Lors de l'entretien qu'il a accordé à la délégation de la commission des Lois, le patriarche maronite ne s'est pas déclaré par principe hostile à la fin du confessionnalisme, mais il a tenu à faire observer qu'il faudrait au moins trois générations pour chasser le réflexe confessionnel des esprits et des pratiques.

Depuis la fin de la guerre civile, les chrétiens ne tiennent pas toute leur place dans le jeu des institutions libanaises . Les élections de 1992 ont été marquées par le boycott des communautés chrétiennes ; en 1996, les chrétiens se sont profondément divisés sur la question de la participation aux élections, si bien que nombre d'entre eux ne se sentent pas représentés au sein du nouveau Parlement.

Cette situation nouvelle comporte en germe le risque d'une marginalisation de la communauté maronite , alors que la nation libanaise est fondée essentiellement sur le dialogue et la " convivialité " entre l'ensemble des communautés qui la composent.

Comme le Liban s'efforce d'effacer les séquelles de la guerre civile, le moment est peut-être venu d'engager plus avant la réflexion sur la déconfessionnalisation du Liban pour dépasser les clivages traditionnels entre les dix-sept communautés.

Cette nouvelle réflexion permettrait ainsi d'ouvrir le débat sur la question du statut personnel des Libanais.

A l'heure actuelle, le droit civil ne régit que le droit patrimonial de la famille et la succession des biens.

En revanche, pour les rapports personnels issus du mariage, les musulmans sont soumis à la Charia avec des variantes entre les sunnites, les chiites et les druzes tandis que les chrétiens relèvent du droit canon qui notamment prohibe le divorce et n'offre que l'option entre l'annulation et la séparation de corps laissant intacte le lien matrimonial.

Il n'existe pas de mariage civil ou laïque si bien que les Libanais désireux de se marier sont tenus de se rattacher à une communauté existante, faute de quoi ils devront se rendre par exemple à Chypre pour contracter leur union.

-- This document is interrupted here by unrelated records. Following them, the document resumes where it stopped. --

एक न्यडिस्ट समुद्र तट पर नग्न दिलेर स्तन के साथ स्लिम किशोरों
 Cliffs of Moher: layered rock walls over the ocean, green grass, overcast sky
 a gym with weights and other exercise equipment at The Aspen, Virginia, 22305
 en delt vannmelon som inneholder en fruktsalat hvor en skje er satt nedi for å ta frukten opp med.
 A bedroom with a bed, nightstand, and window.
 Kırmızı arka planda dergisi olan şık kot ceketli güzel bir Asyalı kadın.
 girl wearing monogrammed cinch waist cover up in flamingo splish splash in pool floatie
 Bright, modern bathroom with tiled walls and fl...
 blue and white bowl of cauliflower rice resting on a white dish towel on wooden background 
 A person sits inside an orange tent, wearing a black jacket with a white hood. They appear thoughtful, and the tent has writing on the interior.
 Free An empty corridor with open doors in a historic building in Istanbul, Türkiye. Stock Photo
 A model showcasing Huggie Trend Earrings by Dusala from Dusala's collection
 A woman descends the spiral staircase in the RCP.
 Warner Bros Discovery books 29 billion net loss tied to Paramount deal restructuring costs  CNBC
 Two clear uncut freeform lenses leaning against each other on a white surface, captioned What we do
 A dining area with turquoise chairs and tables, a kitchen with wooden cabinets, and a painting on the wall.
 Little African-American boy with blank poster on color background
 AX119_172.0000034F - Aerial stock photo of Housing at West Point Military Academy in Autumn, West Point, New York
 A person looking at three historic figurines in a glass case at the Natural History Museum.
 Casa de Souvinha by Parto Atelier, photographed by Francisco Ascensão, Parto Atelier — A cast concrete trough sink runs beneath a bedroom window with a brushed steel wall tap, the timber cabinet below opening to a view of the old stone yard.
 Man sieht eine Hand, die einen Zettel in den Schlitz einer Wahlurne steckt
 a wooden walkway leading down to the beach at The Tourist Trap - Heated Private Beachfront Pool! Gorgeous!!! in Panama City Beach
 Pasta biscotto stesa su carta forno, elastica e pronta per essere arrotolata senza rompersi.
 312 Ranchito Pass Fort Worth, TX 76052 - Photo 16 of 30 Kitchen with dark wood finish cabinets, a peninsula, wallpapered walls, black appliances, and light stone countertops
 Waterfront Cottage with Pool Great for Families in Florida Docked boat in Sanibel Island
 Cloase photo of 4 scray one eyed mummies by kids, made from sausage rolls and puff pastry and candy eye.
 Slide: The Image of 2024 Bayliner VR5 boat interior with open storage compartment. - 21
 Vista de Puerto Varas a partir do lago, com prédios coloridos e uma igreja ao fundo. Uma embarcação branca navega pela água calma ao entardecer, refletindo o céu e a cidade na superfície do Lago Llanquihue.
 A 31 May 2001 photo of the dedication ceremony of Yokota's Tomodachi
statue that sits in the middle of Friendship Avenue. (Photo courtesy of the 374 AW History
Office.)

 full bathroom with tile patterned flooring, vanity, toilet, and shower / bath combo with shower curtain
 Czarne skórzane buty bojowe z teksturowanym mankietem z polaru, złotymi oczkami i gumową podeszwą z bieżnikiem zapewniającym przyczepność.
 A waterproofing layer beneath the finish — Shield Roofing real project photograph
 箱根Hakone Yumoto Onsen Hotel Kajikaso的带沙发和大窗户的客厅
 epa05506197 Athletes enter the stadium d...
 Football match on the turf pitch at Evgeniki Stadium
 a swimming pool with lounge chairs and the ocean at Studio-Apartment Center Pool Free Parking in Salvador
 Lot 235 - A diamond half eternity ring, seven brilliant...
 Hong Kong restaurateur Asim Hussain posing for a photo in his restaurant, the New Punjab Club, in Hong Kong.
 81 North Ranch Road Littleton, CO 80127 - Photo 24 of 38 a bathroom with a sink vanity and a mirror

Dans la présentation de son ouvrage " Statut personnel et compétence judiciaire des communautés confessionnelles au Liban ", le Doyen de la Faculté de Droit de l'Université Saint-Esprit de Kaslik (USEK), le Père Basile Basile a évoqué les " possibilités d'un dialogue intercommunautaire fructueux et d'explorer les chances d'une éventuelle unification raisonnée du système de statut personnel communautaire ". " C'est seulement à travers un dialogue ouvert d'une unification raisonnée du système de statut personnel du pays sous l'égide d'un Etat de droit qui tient compte des richesses, des particularités, des traditions, du sentiment religieux et de la liberté de conscience de chacune des communautés confessionnelles, sans inégalité ni discrimination aucune entre tous les citoyens devant les mêmes lois de l'Etat " que la " convivialité " entre toutes les communautés confessionnelles du Liban triomphera et sera fortement et complètement consolidée. "

L'objectif est ainsi de rechercher le dénominateur commun à cette mosaïque de législations et de compétences judiciaires.

Certes, les fanatismes musulmans ou chrétiens seront autant d'obstacles à l'unification des statuts personnels, notamment de la part de ceux qui, comme les islamistes, rejettent la dualité des pouvoirs temporel et spirituel.

A terme, ce rapprochement entre les statuts personnels pourrait conduire à l'élaboration d'un code civil commun à tous les Libanais et permettre, lorsque les Libanais y seront prêts, d'ouvrir la voie à une meilleure délimitation de la référence communautaire dans la vie institutionnelle libanaise.